In an April 9 statement, officials with the three foundations said they would be awarding grants for $625,000 each to 12 organizations that would seek to end, among other things, the disproportionate impact of AIDS in the South on young people and communities of color.
“We’re thrilled to have the Aileen Getty Foundation join our existing partners at The Elizabeth Taylor AIDS Foundation, making this one of the largest philanthropic partnerships addressing AIDS in the Southern United States,” said Elton John AIDS Foundation Chair David Furnish.
“By bringing particular focus on the needs and aspirations of young people and communities of color, and by delivering support to community-rooted organizations that have been engaging the epidemic for years, this partnership has incredible potential to reduce transmissions, improve quality of life, and speed the South’s progress toward an AIDS-free generation,” Furnish said.

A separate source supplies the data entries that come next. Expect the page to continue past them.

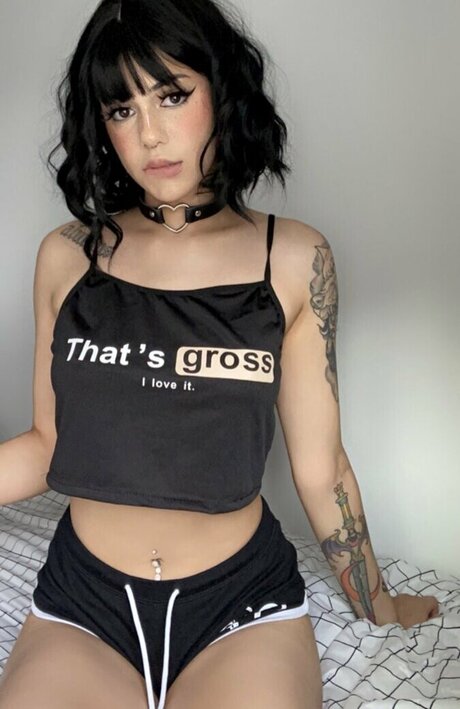 Ne0nprincess ホットなスター 写真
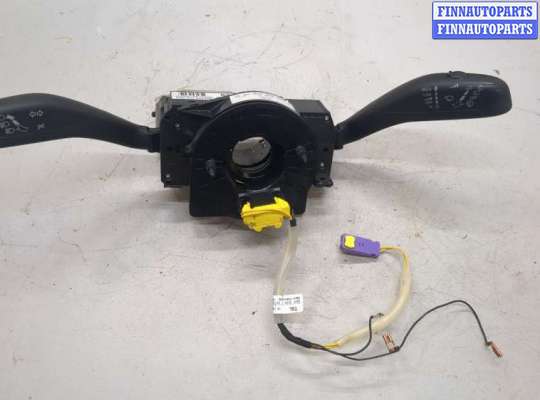 Переключатель поворотов и дворников (стрекоза) SK527981 на Skoda Fabia 2007-2014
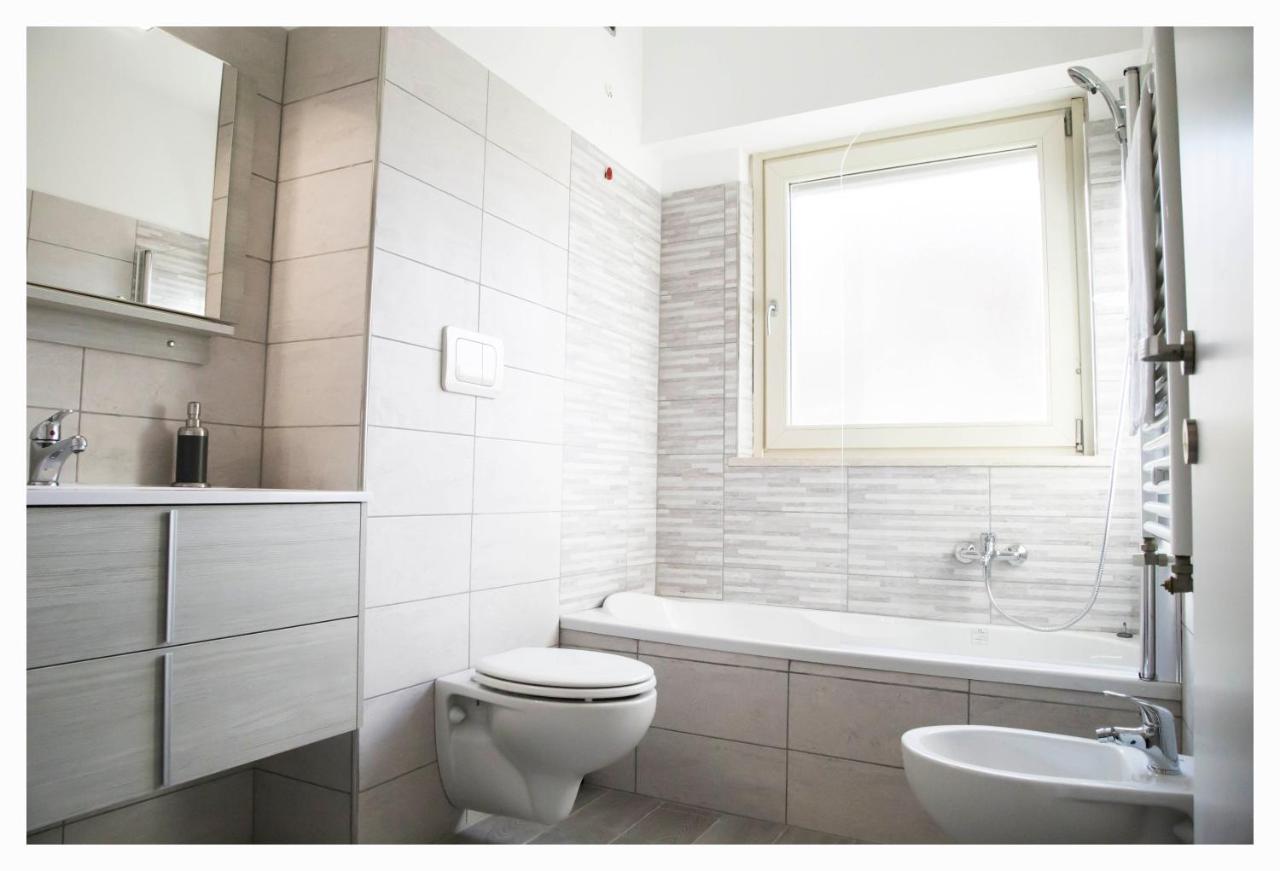 New Sara'S Trastevere Apartment Rome Extérieur photo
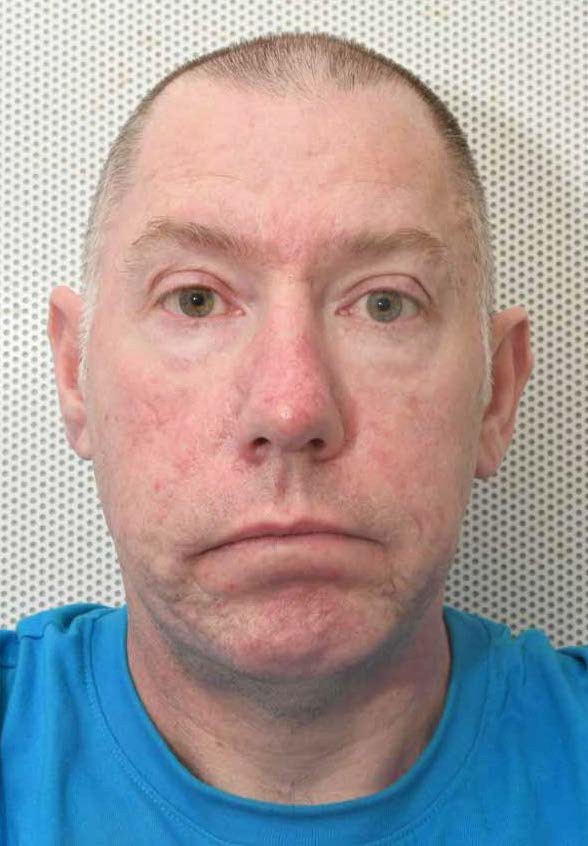 Police Scotland PC Alan Greer, 47, killed himself after being arrested for a series of serious sex crimes including rape.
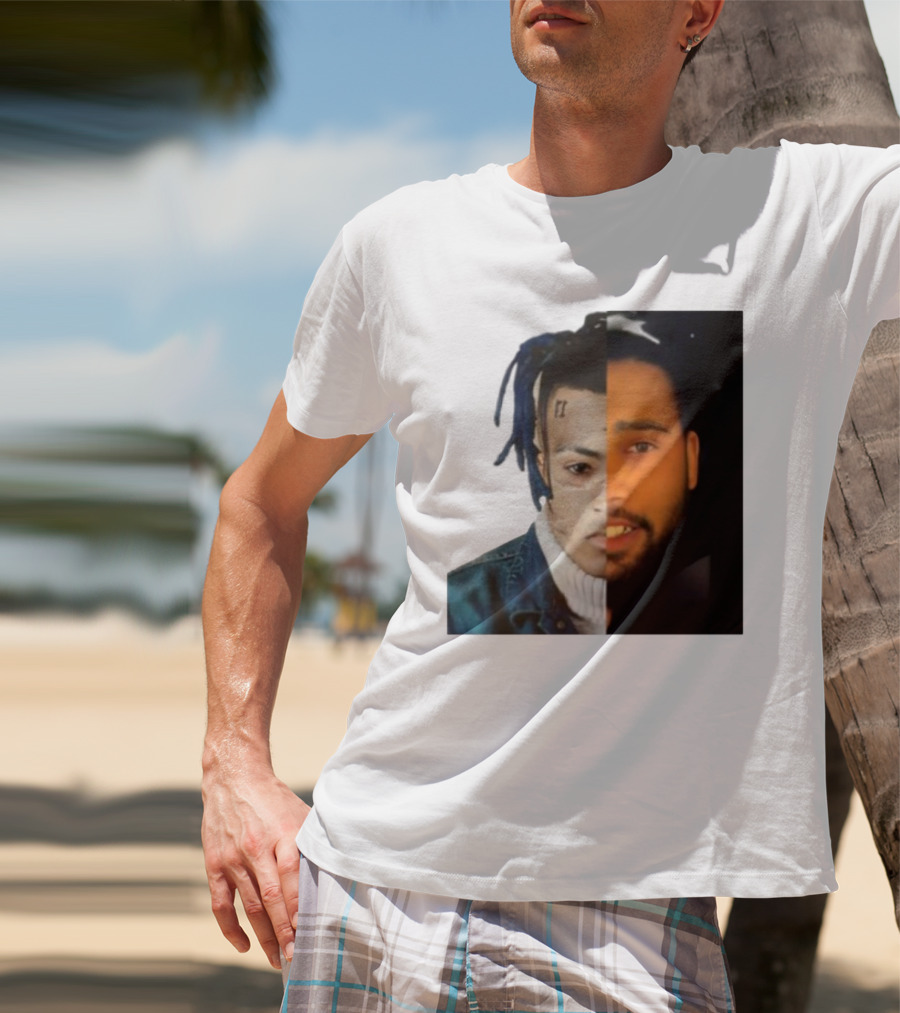 Xxxtentacion Goonlord T-Shirt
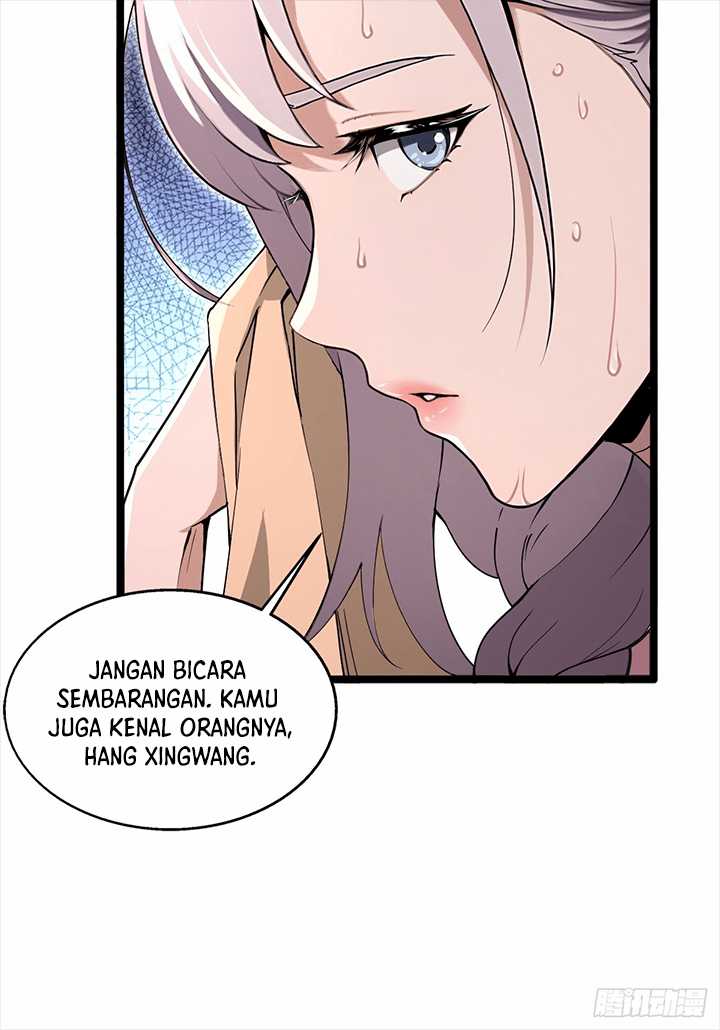 The Ultimate Wantless Godly Rich System Chapter 05 Gambar 31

Among the projects the grants will support, according to a statement released by the Elton John AIDS Foundation, are a “welcoming, affirming, and safe center for LGBTQ youth” in Birmingham, Ala.; “comprehensive and LGBTQ-inclusive youth wellness services” in Corpus Christi, Texas; “HIV-specific services, including pre- and post-exposure prophylaxis education” in Memphis, Tenn.; and “expanded mobilization and advocacy programs for LGBTQ youth of color” in Atlanta, Ga.
“Elizabeth Taylor AIDS Foundation is once again extremely honored and humbled to be on the forefront of a transformative HIV response in the U.S. south in concert with Elizabeth Taylor’s dear friend, Elton John, and family member, Aileen Getty,” said Joel Goldman, managing director of the Taylor Foundation.